(Records from a collection)
==================================================

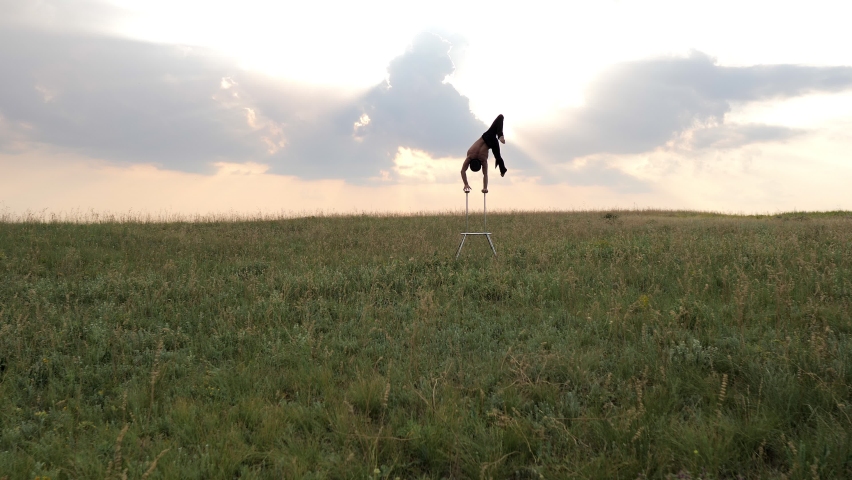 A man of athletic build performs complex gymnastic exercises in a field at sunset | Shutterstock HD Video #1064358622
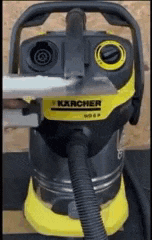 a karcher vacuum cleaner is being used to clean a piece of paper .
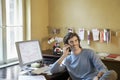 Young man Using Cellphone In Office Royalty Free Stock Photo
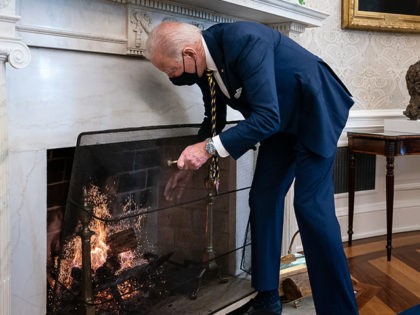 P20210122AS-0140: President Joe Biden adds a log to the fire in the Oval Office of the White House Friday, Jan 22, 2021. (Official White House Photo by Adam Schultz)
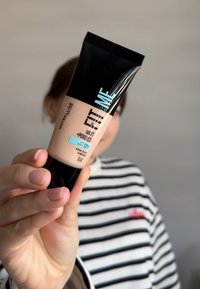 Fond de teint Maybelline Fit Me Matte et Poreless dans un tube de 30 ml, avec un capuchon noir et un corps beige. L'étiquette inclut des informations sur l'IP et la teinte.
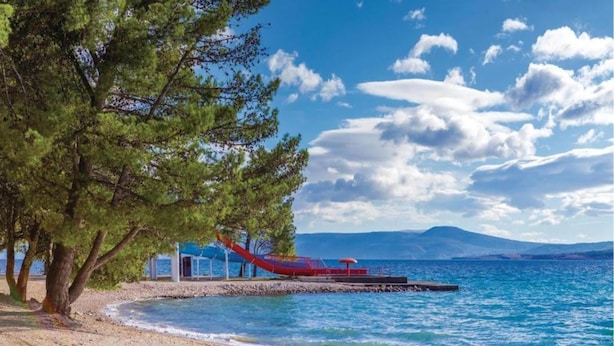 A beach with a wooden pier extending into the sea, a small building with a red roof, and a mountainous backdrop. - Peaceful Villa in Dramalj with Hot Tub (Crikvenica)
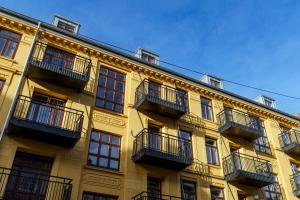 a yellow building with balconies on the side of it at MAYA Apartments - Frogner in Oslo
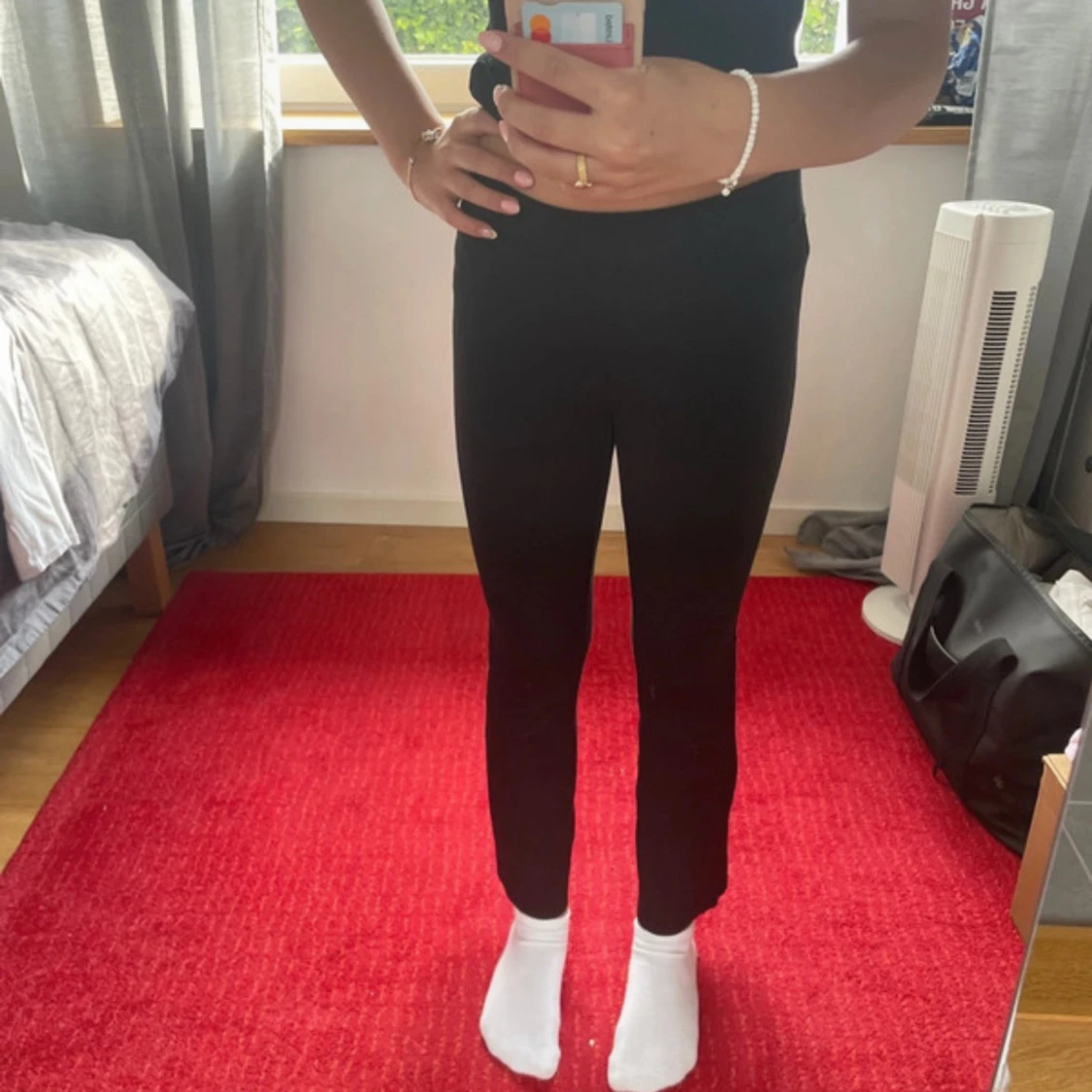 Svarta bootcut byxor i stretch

==================================================

_PROBLEM DESCRIPTION:_ Locate "a yellow building" in the entries above. Copy, exactly and only, the lines from that line to the end, leaving out the pictures.

_REPLY TO THE EXERCISE:_
 a yellow building with balconies on the side of it at MAYA Apartments - Frogner in Oslo
 Svarta bootcut byxor i stretch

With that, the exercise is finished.